Editorial reviews on the demise of the Lyme disease vaccine have been written49,50,51,52,53,54,55 two of which54,55 discuss risk communication and policy implications. We agree that scientific evidence and best patient care practices should guide the ethics of Lyme disease activism. However, we also acknowledge that unclear, sometimes contradictory scientific terminology may have led to confusion that drove health care professionals’ vaccine hesitancy and subsequent public skepticism.
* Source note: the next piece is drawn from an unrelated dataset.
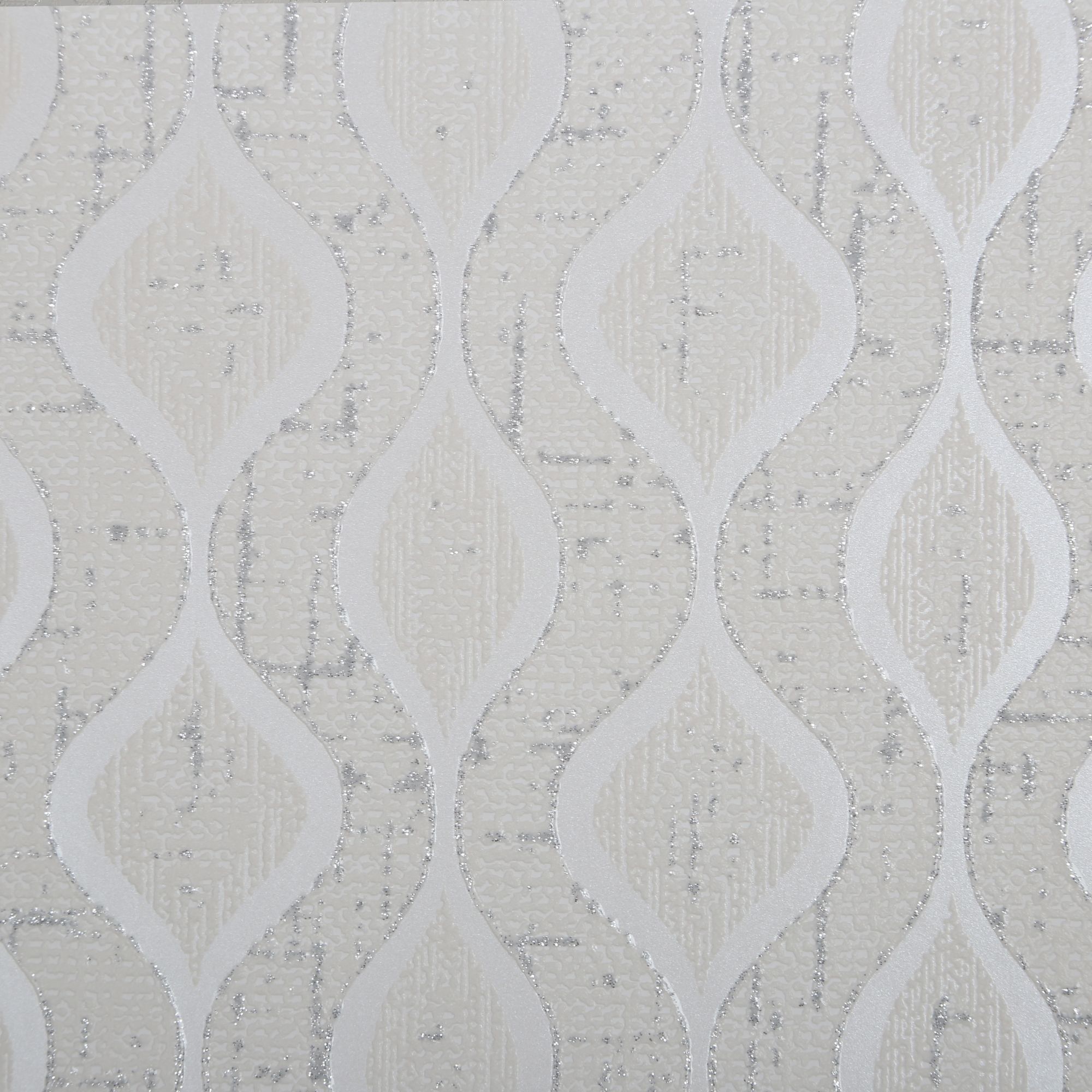 GoodHome Nitida Beige & white Glitter effect Art deco Textured Wallpaper Sample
Current recombinant OspA (rOspA) based vaccines

After the 1998 Vaccines and Related Biological Products Advisory Committee FDA meeting, researchers started working on strategies to re-engineer rOspA as a vaccine candidate. The objective was to modify the epitope in rOspA identified as a putative mimic of hLFA1 while preserving the integrity and immunogenicity of the protein. Some modified the epitope by site directed mutagenesis, while others swapped the putative sequence with the same region of another genospecies such as B. afzellii. In both cases, the mutated rOspA protected mice from needle56 and tick transmitted57 B. burgdorferi infection. rOspA chimeras containing different sequences of Borrelia genospecies were constructed with the ultimate goal of developing a vaccine applicable to both the US and the European market58. The intellectual property covering sequence substitutions in the C terminus of full length rOspA with the equivalent sequences from B. garinii and B. afzelli was eventually licensed by Stony Brook University to Baxter58. This license then originated the multivalent six serotype rOspA compositions further developed by Baxter scientists. Results of the Baxter Phase I and Phase II clinical trials published in 2013 showed that the updated formulation was both safe and immunogenic59. Subsequently, Valneva Austria GmbH applied a similar strategy to produce a composition containing only the modified C-terminus domains60 of 6 serotypes of rOspA to develop a subunit multivalent broadly protective vaccine (VLA15)61. VLA15 is currently undergoing two Phase II clinical trials to determine the best dose (573 subjects) and schedule of immunization (246 subjects) for human use62. VLA15 technology was acquired by Pfizer in April of 202063 and both companies are collaborating to codevelop and commercialize their Lyme disease vaccine. Other strategies to use rOspA based prevention measures have been described elsewhere64,65,66.

Conclusions

Two recombinant OspA vaccines have been proven efficacious for human use and new candidates are in development. The initial hypothesis that native B. burgdorferi OspA may contribute to the development of treatment-resistant Lyme arthritis was scientifically questionable, but it raised safety concerns regarding recombinant OspA vaccines. Nearly two decades after the Lyme disease vaccine was withdrawn from the market, there continues to be a lack of evidence that recombinant OspA induces clinically significant cross-reactivity with the human hLFA-1 epitope.